God Is Dead
- Author: Ron Currie Jr.
- Publisher: Viking Press
- Publication date: July 9, 2007
- Pages: 182
- ISBN: 978-0-670-03867-1

= God Is Dead (novel) =

2007 novel by Ron Currie Jr.

God is Dead (2007) is the debut novel of American author Ron Currie Jr. The book is a collection of related shorter stories about a world where God has come to earth and died.

== Plot ==
The book begins in Sudan, where God, disguised as a Dinka woman, attempts to help out around a refugee camp. She speaks with the American diplomats visiting the camp, including former Secretary of State Colin Powell, about finding the missing brother of the body she inhabits. While she is there, the camp is attacked by the Sudanese government, killing everyone, including God.
The rest of the book focuses on how things unravel after God's death. A high school graduate watches in horror as a priest commits suicide. Soon after, a group of childhood friends form a suicide pact after all their relatives die in the chaos. People later begin to worship their children in the absence of religion, while the psychiatrists tasked to disrupt such unproductive behavior are the most hated people alive.
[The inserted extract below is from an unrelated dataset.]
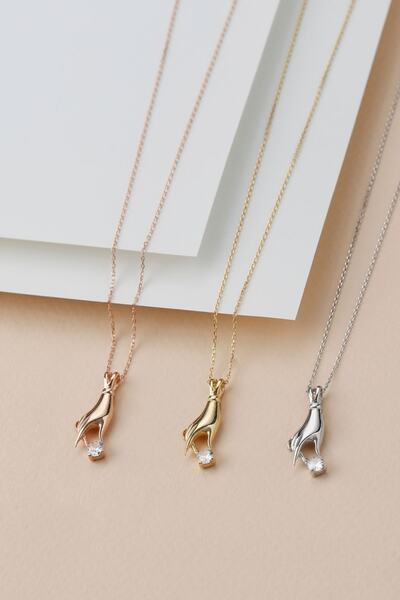 Şimal Silver 925 Ayar Gümüş Tektaşlı El Kolye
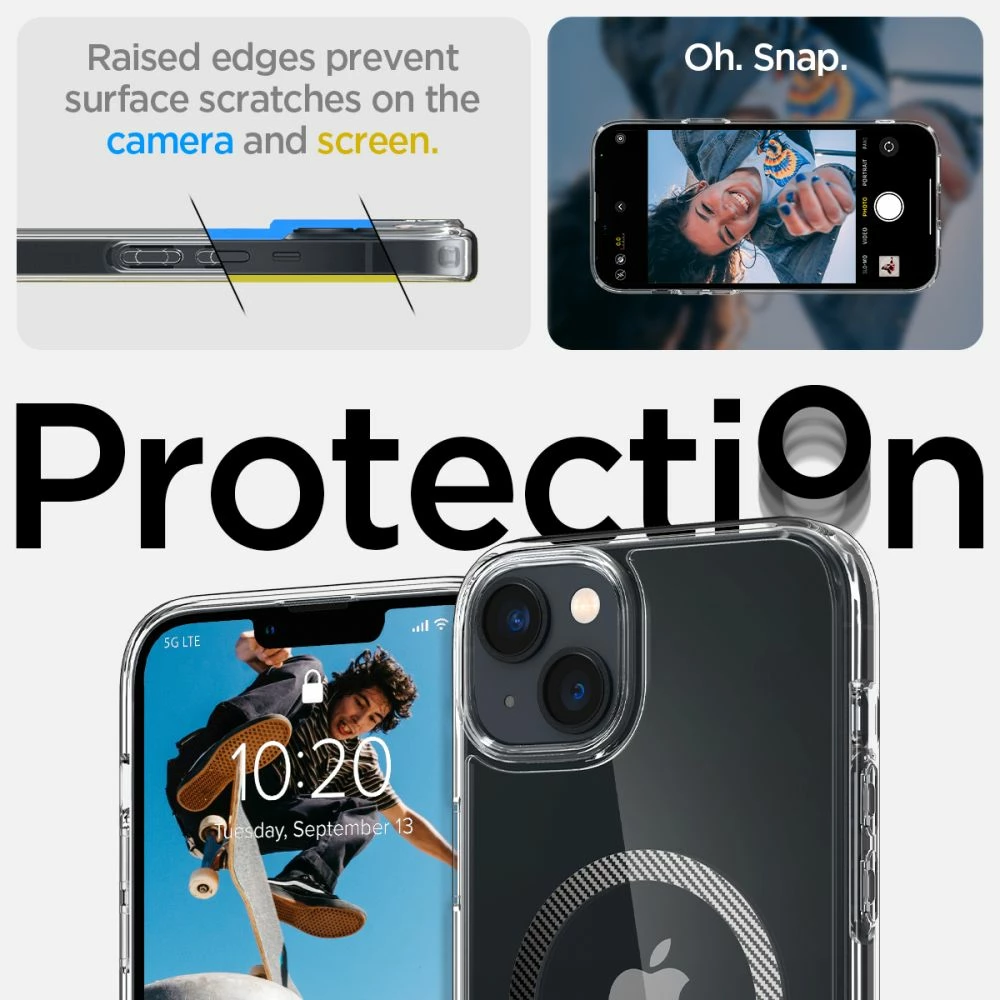 Zaščitni ovoj Spigen Ultra Hybrid Mag za iPhone 14 Plus, MagSafe, prozorno siv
The dogs who ate God's corpse are revealed to possess a higher knowledge, but this brings only death to all but one of them. The book closes with a view into war in this Godless world, where religious wars have been replaced by ideological wars between supporters of evolutionary psychology versus postmodernism.

==Reception==
In The Believer, Andrew Ervin called God is Dead "an extraordinary book", while Kirkus Reviews referred to it as "very clever indeed" and compared it to the works of Kurt Vonnegut and Louis-Ferdinand Céline. Ervin described the chapter "My Brother the Murderer" as "beautiful and profound," calling it the book's "obvious highlight."
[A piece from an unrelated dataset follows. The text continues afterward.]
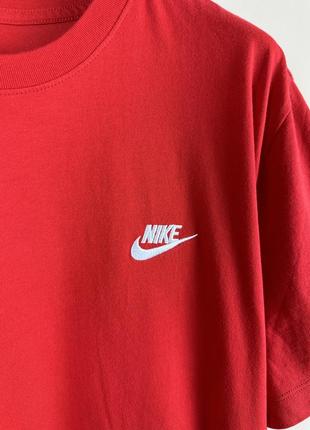 Nike club tee футболка найк червона нова котон carhartt бавовна вишитий логотип diesel лого свуш6 фото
Publishers Weekly highlighted how "looking at humanity through a warped lens allows the various narrators unusual insight; while sometimes overwrought, these observations are often striking". They concluded that "this novel-in-stories is unsettling and strange, but still easily accessible; despite the ways in which his world has changed, Currie's altered humanity has one foot in ours".